When Maura opened her eyes and smiled at Jane, Jane said, “They’re bringing him in.”
So much for morning romance.
They left the bed quickly after that, getting dressed and presentable. Maura had been staying at Jane’s periodically when Jane’s pain was at its worst. It worked out well now. She had a change of clothes.
On the sidewalk, Jane started toward the area where she usually parked her car before Maura reached for her arm and pulled her in the other direction. Right. Jane’s car wasn’t here.
They drove to the precinct in silence, arriving before the others had returned. Once there Jane reached for her seatbelt, but Maura reached out and set a hand on her arm.
“You haven’t flinched all morning,” Maura said. “Are you in pain?”
“Not yet,” Jane said, truthfully.
“You feel better,” Maura guessed.
“I‘ll feel better once we’ve had a look at the bastard who killed Abby Sherman,” Jane concluded.
“Yes,” Maura agreed. “But physically. You feel better physically this morning, don’t you?”
“I feel like I slept with my best friend,” Jane said, but she caught herself smiling a little as she said it.
“We didn’t have sex,” Maura pointed out.
“No,” Jane agreed. “But that was a pretty involved make out session.”
“True,” Maura smiled, then frowned. “Are you regretting -”
“No,” Jane said, quickly. “I don’t know.”
Maura nodded and then moved to get out of the car.
On the sidewalk Jane said, “It does feel a little like I’m suddenly dating two people.”
Maura paused. “You and Casey were serious?”
“I don’t know,” Jane admitted again.
Maura frowned, looked down at the sidewalk and then back up at Jane. “I didn’t mean to confuse things. It never has to happen again.”
Jane looked up now too. “What if I want it to happen again?”
“Maybe it wouldn’t be so bad to confuse things a bit,” Jane added.
Maura was staring at her, eyebrows raised. Jane reached out and set a hand on Maura’s arm, just a brief touch before she let it fall away again, settling back at her side.

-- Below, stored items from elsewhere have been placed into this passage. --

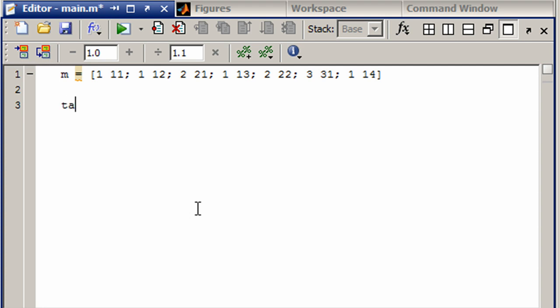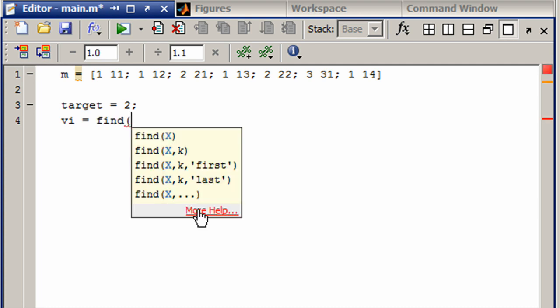So I'm going to define target as 2, that's the number we're looking for in the key values, and then I'm going to say the valid indices are going to be those where when we say find, we want to find M, which part of M? Well we want to find all the rows, column 1, equal equal, that's more of a question, not a statement of setting something to equal, and then equals target.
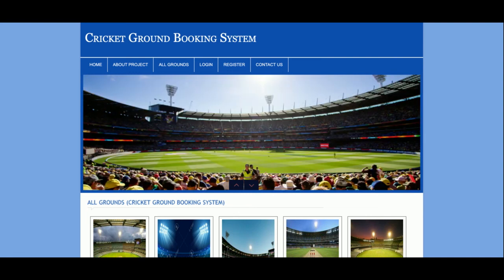So this is all about my project — Cricket Ground Booking System. It's a mini web-based project developed in PHP and MySQL. If you need more functionality, just put it in the comments and I will incorporate those changes to make the project better. Don't forget to subscribe to the channel for the latest video updates. Thanks for watching!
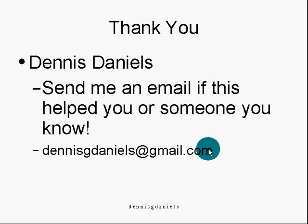I want to thank you. Again, my name is Dennis Daniels, and if this is up to you or anyone you know, please send me an email. Thank you, and happy computing.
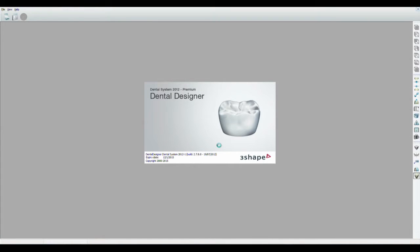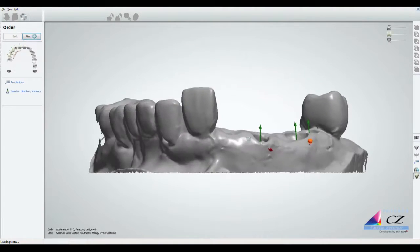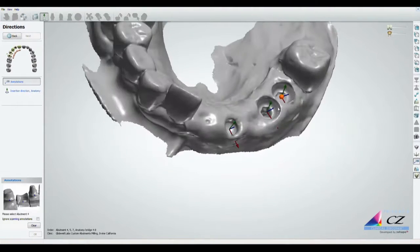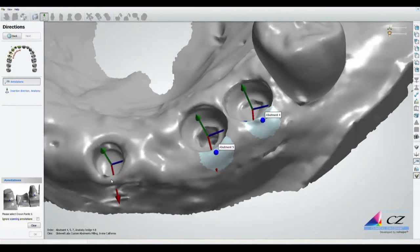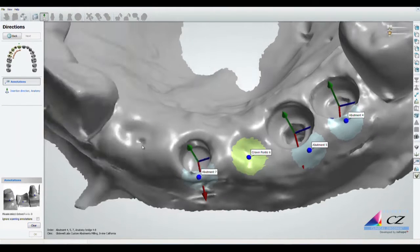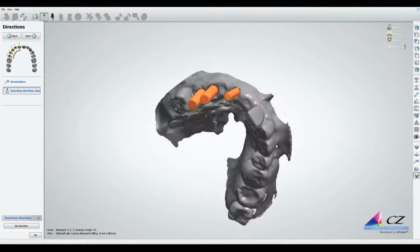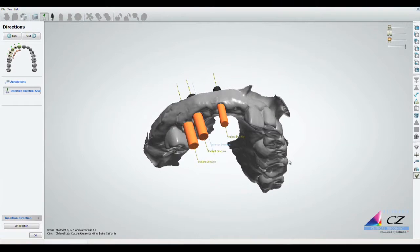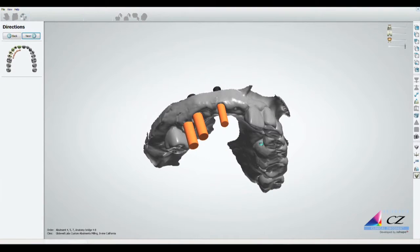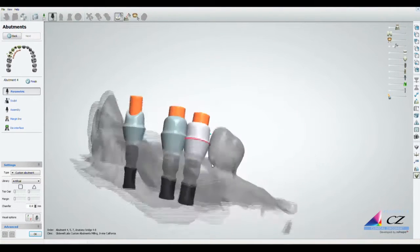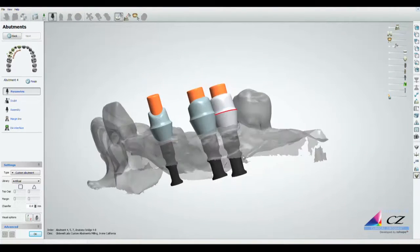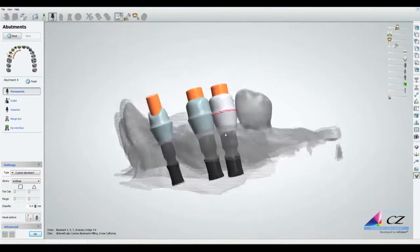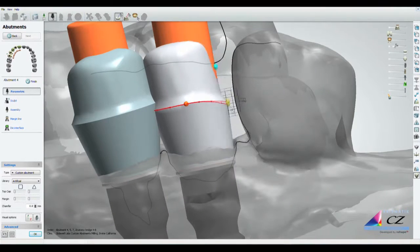To start the CAD process, our technician uses dental CAD software to design the screw-retained BioTemps bridge on the virtual model generated from the scans. As with any implant case, we start with the path of insertion. Once this is established, we can build the substructure of our bridge.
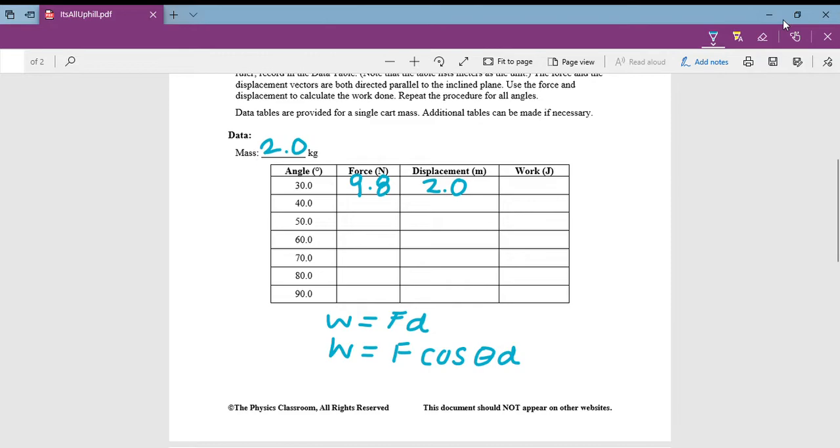So to calculate work, work is force times distance, but this force is at an angle. So we have to do work equals force times the cosine of the angle times the distance.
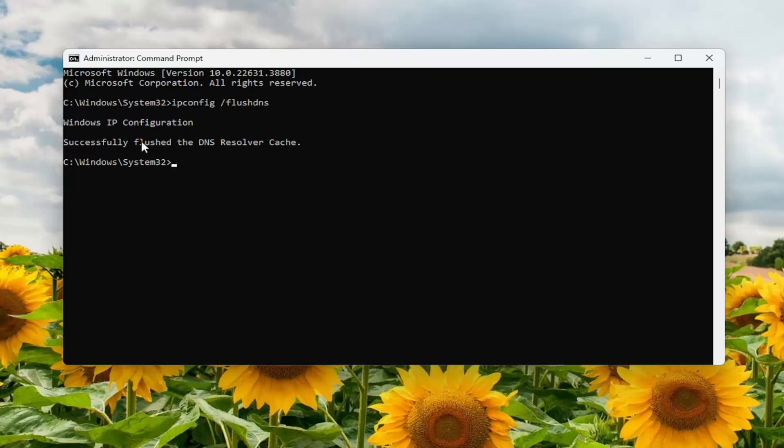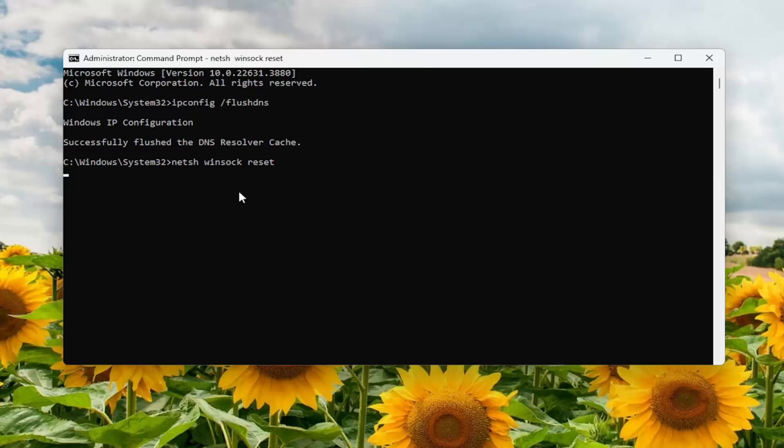Now you want to type in netsh space winsock, W-I-N-S-O-C-K, space reset. Hit enter. To successfully reset the Winsock catalog, you must restart the computer in order to complete the reset.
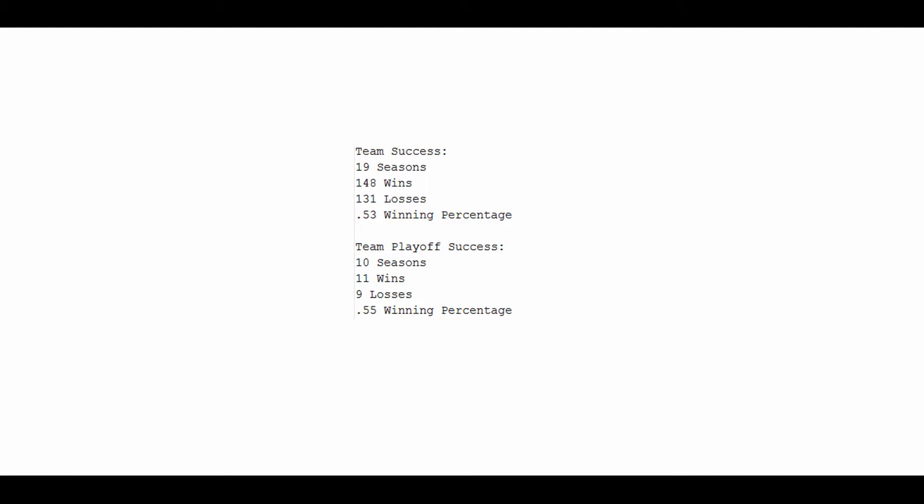Bruce Smith has been on some very good teams in his career. He's also been on some very bad ones. So his team success numbers are what you would expect: close to the middle, with a slight edge toward the winning side of it. 148 wins, 131 losses, giving him a winning percentage of 53.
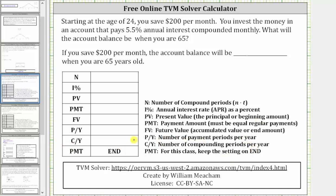Let's gather the information that we need from an example of a savings annuity. Starting at age 24, you save $200 per month. You invest the money in an account that pays 5.5% annual interest compounded monthly. What will the account balance be when you are 65? The time T in years is equal to 65 minus 24, which equals 41 years.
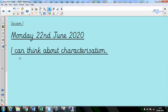Our objective today is: I can think about characterisation. What does that mean? You can pause the video and have a chat with somebody or you can have a chat with me. I can see the word character in there — I can think about character.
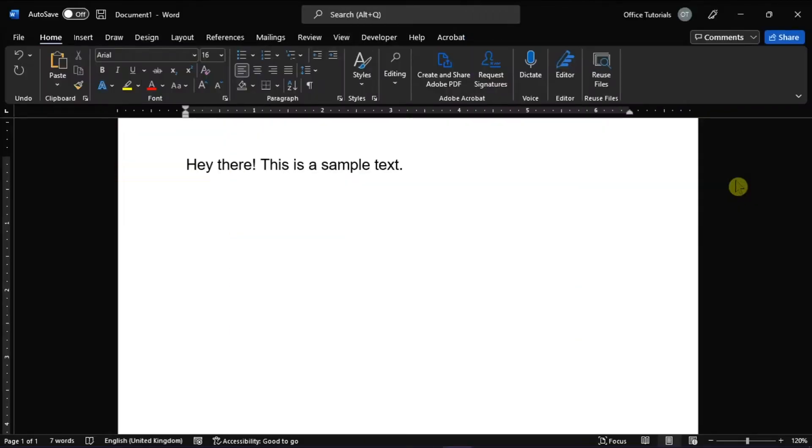Immersive Reader in Microsoft 365 is a free tool that implements proven techniques to improve reading and writing for people, regardless of their age or ability.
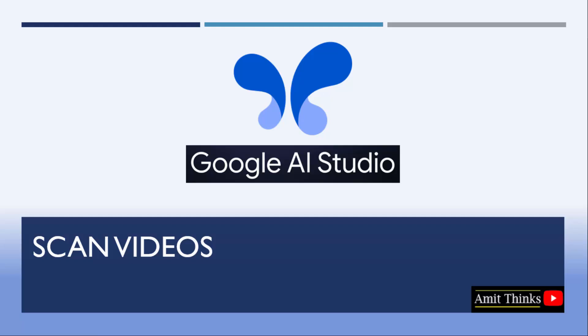In this lesson, we will see how we can upload videos to Google AI Studio and scan it so that we can see how Google AI Studio works when we upload videos.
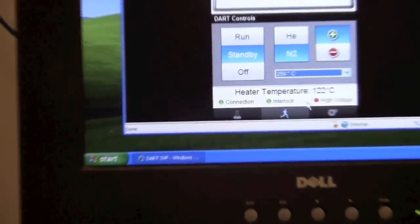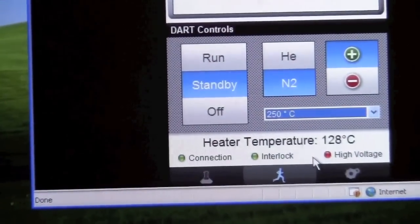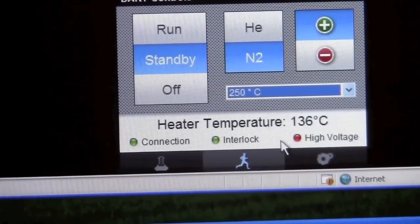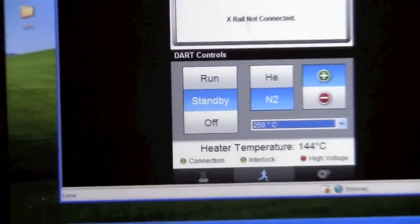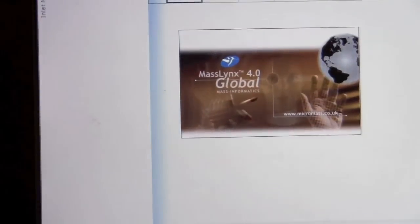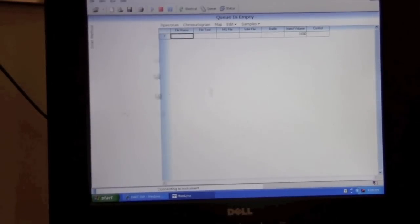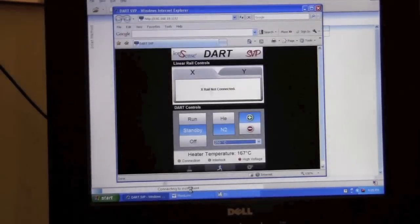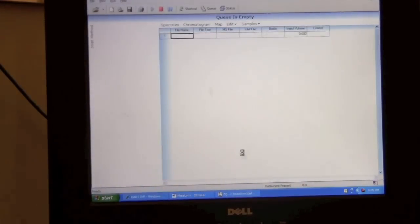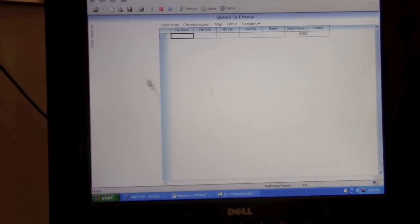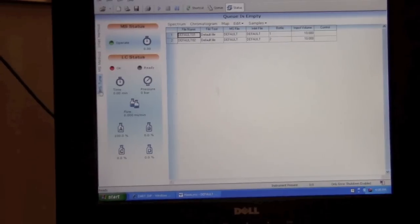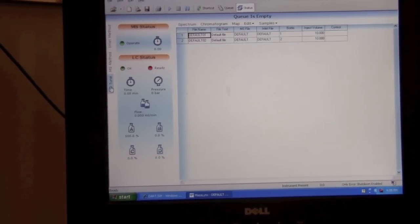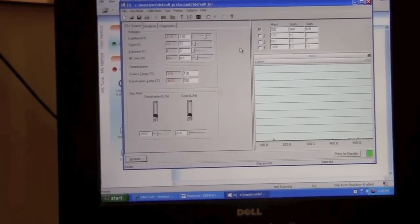As the temperature is ramping up we can start up the mass spectrometer software. To start that we click on mass links. Once the mass links main page has started it will say connecting to instrument, and if everything is correct it will say instrument present. After the page has finally opened we should be able to get to MS Tune. So click on the MS Tune link. That will bring up this page.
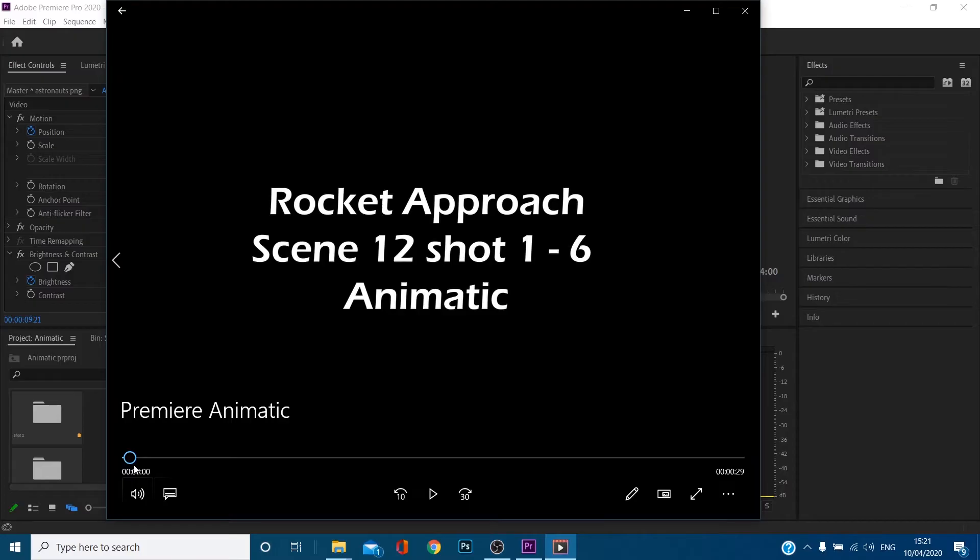Hi everyone, in today's video I'm going to be showing you how to create an animatic inside Premiere.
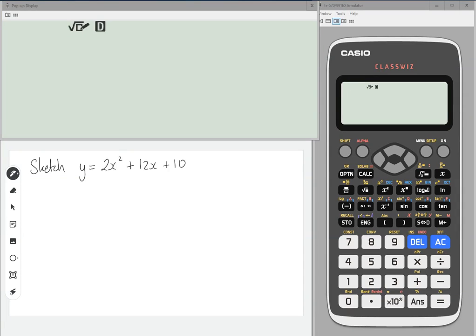So let's say we wanted to sketch y equals 2x squared plus 12x plus 10. Your calculator can effectively tell you everything that you need to know.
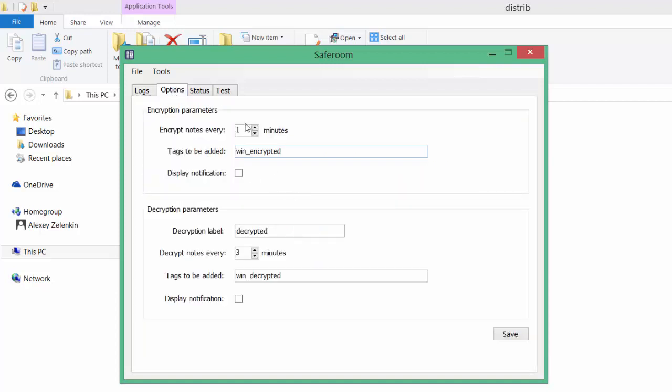The second tab is Options, where you can configure encryption and decryption parameters. For example, here you can specify the encryption cycle timer. Currently it's one minute, so the encryption procedure will be run every one minute.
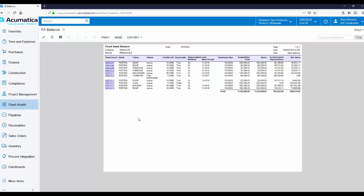Today, we reviewed Fixed Assets in Acumatica. If you would like more information, please visit Acumatica.com.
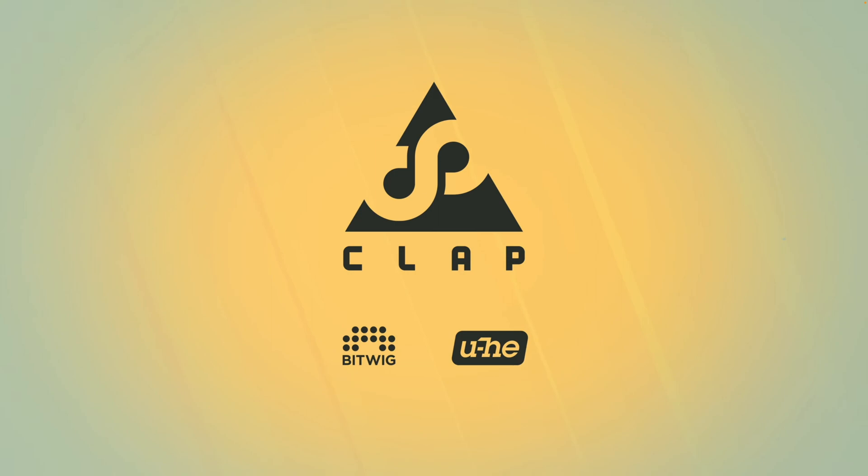But CLAP has some really powerful features that so far I've only seen from Bitwig. It allows for polyphonic modulation. So all your favorite Bitwig modulators will work with Yuhi plugins.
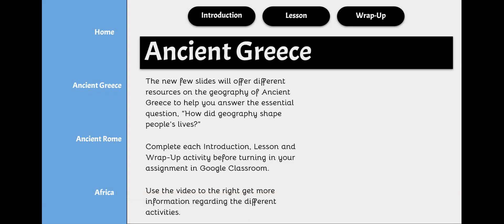Welcome to Ancient Greece. The next few slides will offer different resources on the geography of Ancient Greece to help you answer the essential question: how did geography shape people's lives? For Ancient Greece, there will be an introduction, a lesson, and a wrap-up activity.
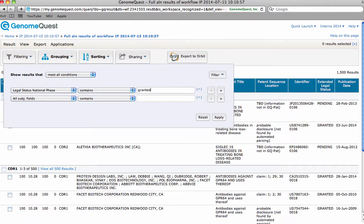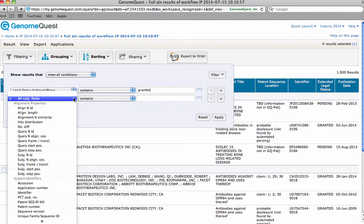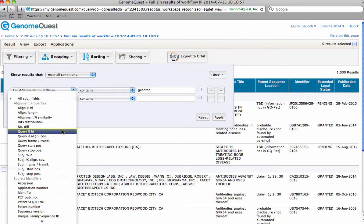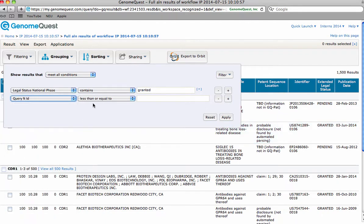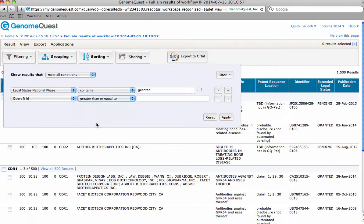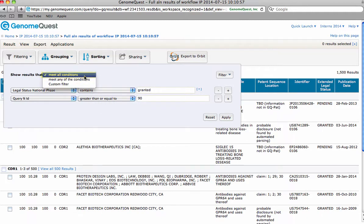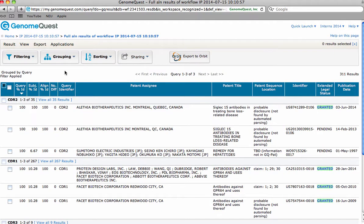Let's set a second condition to query percent identity, giving us documents that are greater than or equal to 90% for a high identity yield. Let's join the conditions using logical AND. The number of results drops from 1500 to 311, making a significant difference in the amount of results that you have to manually sift through.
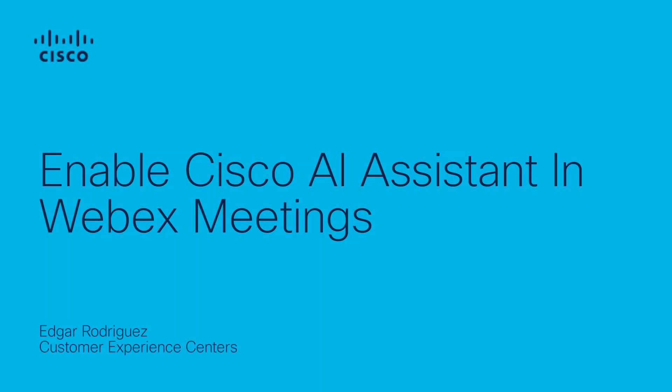Hello and welcome to this video on enabling the Cisco AI Assistant and WebEx meetings. My name is Edgar from Cisco Tag with the WebEx Cloud Collaboration team.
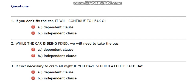The first clause is 'if you don't fix the car,' and the second is 'it will continue to leak oil.' The second clause can stand independently without the help of the other clause. Which is the dependent clause and which is the independent clause?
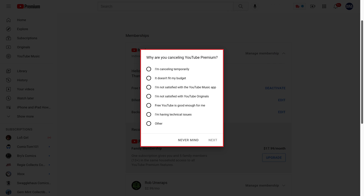Step 5: The next window asks why you're cancelling YouTube Premium. Choose the reason for cancelling, and then click Next.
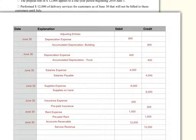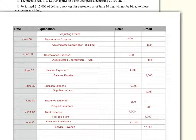That completes our adjusting entries. The next step now is to post these adjusting entries to my ledger, and then take another trial balance after I've done the adjustments, which is called the adjusted trial balance.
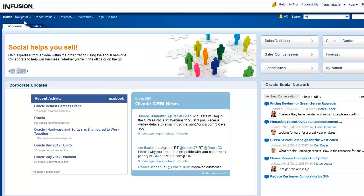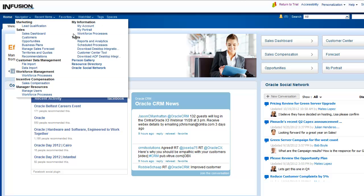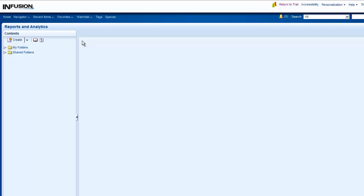From the Navigator menu, select Reports and Analytics. From the Contents pane, navigate to the analysis that you want to print.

She began walking toward the door and Maura followed, her heels clicking on the sidewalk as she rushed to catch up.
“I think we need to accept the evidence,” Maura said on the stairs. “It leads to only one obvious answer.”
“Oh,” Jane laughed. “And what is that?”
“I’m good for you.”
“We’ll see,” Jane said. “The day isn’t over yet.”
“Right,” Maura agreed. She reached out, set a warm hand on Jane‘s side. She was about to ask Jane to take a deep breath, but she caught Jane‘s eye roll and changed her mind. She removed her hand again and said, “I’ll check in with you later today. And don’t lie and tell me that you’re still in pain if you aren’t. I’ll know.”
“I’d never do that,” Jane said.
“Yes, you would,” Maura countered.
“You’re right,” Jane grinned. “I would.”
Jane watched Maura head downstairs to her lab and thought maybe Maura was right. Maybe she was good for Jane. Not - the psychosomatic wound thing was a load of bullshit - but maybe she was just good for Jane all around.
Maybe it was time to try confusing things between them a little.